The biggest treat from Bohemian grannies made for their beloved grandchildren. The Czech sweet treasure is called lívance and you should definitely try them out!
What Are Czech Lívance?
Authentic Czech lívance are sweet pancakes prepared from liquid batter with added yeast.
Well leavened batter contains plenty of bubbles, and is poured with a ladle into a pan with heated butter. Small pancakes are then formed and fried on both sides until golden brown.
To finish this Czech dessert, lívance are covered in sugar and cinnamon, or brushed with jam and decorated with a scoop of sour cream.
What Do We Need to Prepare Lívance
To prepare lívance batter, you only need a handful of ingredients:
- all-purpose flour
- fresh yeast (or active dry yeast)
- pinch of salt
- butter for frying
And, of course, the ingredients for finishing (see the section bellow: What to serve lívance with).
How Should a Right Lívance Batter Look Like?
Lívance batter is liquid, not solid. You have to be able to grab it with a ladle and pour it into a pan.
The base for the batter is yeast, so all ingredients have to be at room temperature. Don´t forget to take also eggs out of the fridge early so they´re not cold.
The batter leavens for 40 minutes or until its volume doubles.
A great trick how to help leaven the lívance batter is to put the bowl with batter covered with a clean dishtowel into an oven, which is turned off. Then put a pot with hot water in the bottom of the oven and close the oven door.
The hot water will build warm steam and humid conditions, which are great for well leavened yeast dough (or batter) generally.
Leavened lívance batter has a lot of bubbles. Do not mix the batter, the bubbles would disappear. Carefully scoop the batter and pour it on a hot pan so it forms small lívance pancakes.
How to Prepare Lívance?
Preparing lívance is easy. The biggest time-sink is leavening of the batter. Also consider the time it takes to fry the lívance in a pan.
- Prepare batter from milk, flour, sugar, eggs, a pinch of salt and some yeast and let it leaven.
- Warm up the butter in a pan.
- Pour a bit of the batter on a pan with a ladle, form small pancakes, fry on both sides until they turn gold.
- Garnish the finished lívance with fruit, sour cream, or with cinnamon.
Which Pan to Use When Frying Lívance?
A non-sticky pan is ideal. If you have one, use a pancake pan with lowered rim, lívance will be easier to flip.

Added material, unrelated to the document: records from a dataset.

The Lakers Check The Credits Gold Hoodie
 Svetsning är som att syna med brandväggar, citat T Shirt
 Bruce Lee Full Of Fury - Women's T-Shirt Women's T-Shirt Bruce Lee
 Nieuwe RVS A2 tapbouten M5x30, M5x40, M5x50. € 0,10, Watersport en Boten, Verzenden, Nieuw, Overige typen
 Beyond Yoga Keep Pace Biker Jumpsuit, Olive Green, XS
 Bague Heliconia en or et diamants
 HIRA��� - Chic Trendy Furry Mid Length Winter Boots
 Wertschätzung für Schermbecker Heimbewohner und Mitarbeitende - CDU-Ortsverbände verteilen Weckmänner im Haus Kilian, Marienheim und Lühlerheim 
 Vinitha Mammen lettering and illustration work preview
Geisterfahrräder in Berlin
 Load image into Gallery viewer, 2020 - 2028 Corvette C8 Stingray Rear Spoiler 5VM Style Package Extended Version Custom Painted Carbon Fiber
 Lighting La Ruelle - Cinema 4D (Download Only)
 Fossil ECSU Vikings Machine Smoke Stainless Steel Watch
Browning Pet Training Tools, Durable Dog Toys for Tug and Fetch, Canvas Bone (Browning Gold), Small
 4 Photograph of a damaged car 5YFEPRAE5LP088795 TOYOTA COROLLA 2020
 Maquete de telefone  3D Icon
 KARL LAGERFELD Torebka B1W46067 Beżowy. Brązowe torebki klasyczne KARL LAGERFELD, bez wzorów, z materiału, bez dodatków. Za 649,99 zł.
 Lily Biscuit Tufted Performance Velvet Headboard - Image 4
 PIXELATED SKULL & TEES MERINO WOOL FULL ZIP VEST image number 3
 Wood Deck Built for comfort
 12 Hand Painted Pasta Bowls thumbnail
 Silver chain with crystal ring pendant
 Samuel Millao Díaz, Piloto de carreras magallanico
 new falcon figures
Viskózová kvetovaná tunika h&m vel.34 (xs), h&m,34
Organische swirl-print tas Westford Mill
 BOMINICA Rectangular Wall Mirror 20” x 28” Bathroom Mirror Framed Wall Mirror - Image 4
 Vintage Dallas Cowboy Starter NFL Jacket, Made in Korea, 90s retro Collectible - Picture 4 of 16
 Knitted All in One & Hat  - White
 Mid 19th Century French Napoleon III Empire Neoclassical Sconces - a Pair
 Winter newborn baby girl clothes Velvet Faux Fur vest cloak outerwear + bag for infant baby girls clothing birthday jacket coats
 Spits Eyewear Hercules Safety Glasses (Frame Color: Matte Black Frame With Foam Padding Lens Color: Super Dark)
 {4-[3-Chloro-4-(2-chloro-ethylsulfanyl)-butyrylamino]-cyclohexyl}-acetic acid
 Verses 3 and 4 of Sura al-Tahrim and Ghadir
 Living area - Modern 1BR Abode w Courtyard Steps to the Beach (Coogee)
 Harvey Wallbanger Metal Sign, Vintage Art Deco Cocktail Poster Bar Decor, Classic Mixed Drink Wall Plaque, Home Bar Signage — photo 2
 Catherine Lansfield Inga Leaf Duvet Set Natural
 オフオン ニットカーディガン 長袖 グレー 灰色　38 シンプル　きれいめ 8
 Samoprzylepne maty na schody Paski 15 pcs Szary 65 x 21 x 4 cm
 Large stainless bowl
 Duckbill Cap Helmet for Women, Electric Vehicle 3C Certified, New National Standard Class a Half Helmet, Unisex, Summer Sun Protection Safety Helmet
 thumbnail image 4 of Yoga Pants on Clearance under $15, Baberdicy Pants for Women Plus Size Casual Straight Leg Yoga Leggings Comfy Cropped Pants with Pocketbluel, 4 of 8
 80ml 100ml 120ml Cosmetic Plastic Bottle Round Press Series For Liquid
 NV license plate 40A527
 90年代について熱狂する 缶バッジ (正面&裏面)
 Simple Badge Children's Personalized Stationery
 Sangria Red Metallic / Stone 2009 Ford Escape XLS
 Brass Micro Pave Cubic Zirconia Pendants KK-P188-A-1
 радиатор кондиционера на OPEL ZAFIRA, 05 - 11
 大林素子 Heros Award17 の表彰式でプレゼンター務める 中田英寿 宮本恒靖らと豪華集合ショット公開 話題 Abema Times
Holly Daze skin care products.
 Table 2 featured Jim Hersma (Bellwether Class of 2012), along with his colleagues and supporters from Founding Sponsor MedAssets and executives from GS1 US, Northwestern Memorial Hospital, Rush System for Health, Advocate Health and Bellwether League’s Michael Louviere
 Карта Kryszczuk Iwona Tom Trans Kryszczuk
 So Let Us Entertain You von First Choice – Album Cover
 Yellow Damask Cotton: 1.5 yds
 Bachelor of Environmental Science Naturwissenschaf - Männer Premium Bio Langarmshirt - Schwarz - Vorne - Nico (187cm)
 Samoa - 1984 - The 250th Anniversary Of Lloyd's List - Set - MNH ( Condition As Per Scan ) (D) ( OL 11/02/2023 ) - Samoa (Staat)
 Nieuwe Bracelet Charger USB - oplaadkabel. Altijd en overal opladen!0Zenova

In the Czech Republic we have a special pan with four “eyes”, called lívanečník. Lívance fried in this pan have a nice round regular shape.
What to Serve Lívance With?
Lívance are sweet. There are several ways of serving them here in the Czech Republic:
- Coated in a blend of sugar and cinnamon
- With jam and a scoop of sweetened sour cream
- With fresh fruit (blueberries, strawberries, raspberries) and sweet quark (Czech tvaroh)
Lívance taste also great with plum butter, sprinkled with grated tvaroh and powdered sugar.
TIP: Spread melted butter mixed with rum over the pancakes whilst they’re on the pan. After frying one side and flipping it, spread the butter-rum mixture over it. There’s nothing like lívance with butter and rum! Then decorate them according to my advice above (jam, fruit, etc.)
Ready to go to the kitchen and make some Czech lívance? Let´s go for it!
Lívance, Czech Yeasted Pancakes With Cinnamon Sugar
- 2 cups (500 ml) milk lukewarm
- 4 tsp active dry yeast or 30 g fresh yeast
- 2 2/3 cup (400 g) all-purpose flour
- 1/3 cup (70 g) granulated sugar
- 4 whole eggs
- pinch of salt
- butter for frying
- 2 Tbps butter melted
- 2 Tbsp rum mix with melted butter
- 1 cup (200 g) granulated sugar
- 1 cup (125 g) powdered sugar
- 1 tsp cinnamon ground
- Add yeast to lukewarm milk, mix in flour, sugar, pinch of salt and eggs. Make a smooth runny batter out of it, and let it leaven for 40 minutes, or until it doubles its volume.
- After leavening, don’t stir the batter, preserve the bubbles.
- Grease the pan with butter and heat it up at medium temperature.
- Pick the batter with a ladle and form pancakes on the hot pan – circles about 5-6 inches in diameter.
- Fry on both sides until they turn gold.
- Heat up the butter and rum.
- In a soup-plate, mix both granulated and powdered sugar with ground cinnamon.
- Spread the butter and rum on the lívance while still in the pan, and the cover them in sugar and cinnamon while they’re still warm.